When an underground fire killed 35 men at the bottom of a coal shaft last year, the telltale signs of another Chinese mining disaster were everywhere: Black smoke billowed into the sky, dozens of rescuers searched nine hours for survivors, and sobbing relatives besieged the mine’s iron gate.
The New York Times
For three months, no word leaked of the Lijiawa fire.
But though the owner and local government officials took few steps to prevent the tragedy, they succeeded, almost completely, in concealing it.
For nearly three months, not a word leaked from the heart of China’s coal belt about the July 14 explosion that racked the illegal mine, a 1,000-foot wormhole in Hebei Province, about 100 miles west of Beijing.
The mine owner paid off grieving families and cremated the miners’ bodies, even when relatives wanted to bury them. Local officials pretended to investigate, then issued a false report. Journalists were bribed to stay silent. The mine shaft was sealed with truckloads of dirt.
“It was so dark and evil in that place,” said the wife of one miner who missed his shift that day and so was spared. “No one dared report the accident because the owner was so powerful.”
Indeed, the Lijiawa mine tragedy might still be an official non-event, but one brave soul reported the cover-up in September on an Internet chat site. The central government in Beijing stepped in, firing 25 local officials and putting 22 of them under criminal investigation. The results of the inquiry are expected this month.

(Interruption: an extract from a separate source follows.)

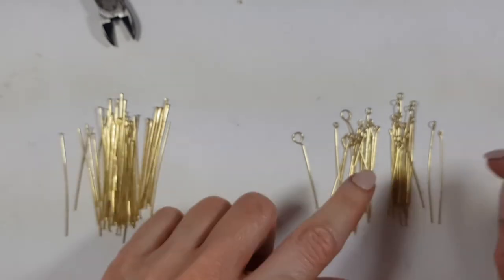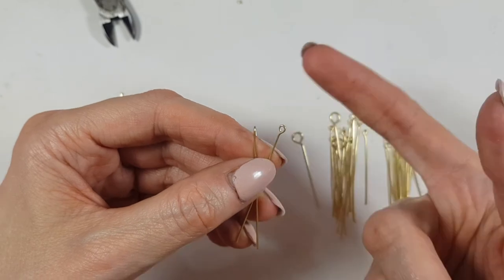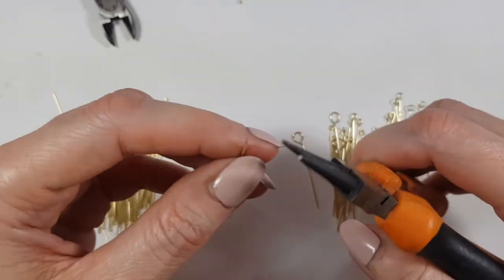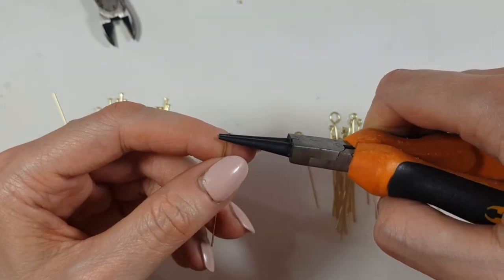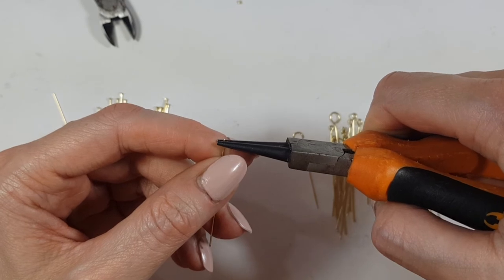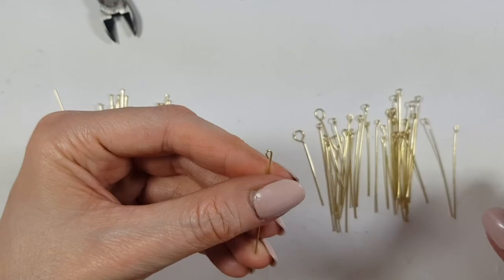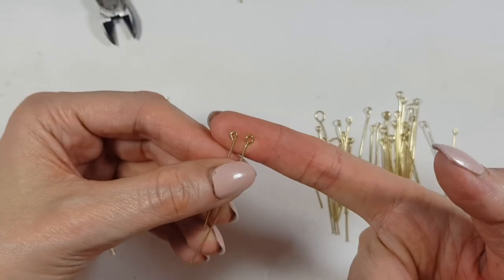One thing I used to do is make a different kind of loop. This one is like I showed you right now — round. But this other one is not as round, more like a different shape. I used to take my round nose pliers but instead of stopping here, I used to take my wire outside the round nose pliers. What this does, instead of working with the round shape, it makes almost a line shape in there.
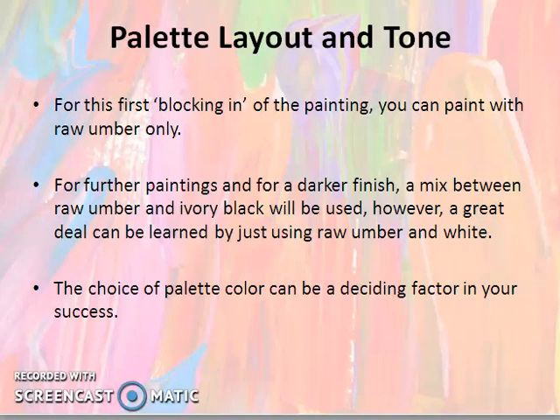For this first blocking in of the painting, you can paint with raw amber only. So, if you have started blocking in, you can use raw amber colour.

Such a wide-ranging cover-up might seem unusual in the Internet age, but it remains disturbingly common here. From mine disasters to chemical spills, the 2003 SARS epidemic to the past year’s scandal over tainted milk powder, Chinese bureaucrats habitually hide safety lapses for fear of being held accountable by the ruling Communist Party or exposing their own illicit ties to companies involved.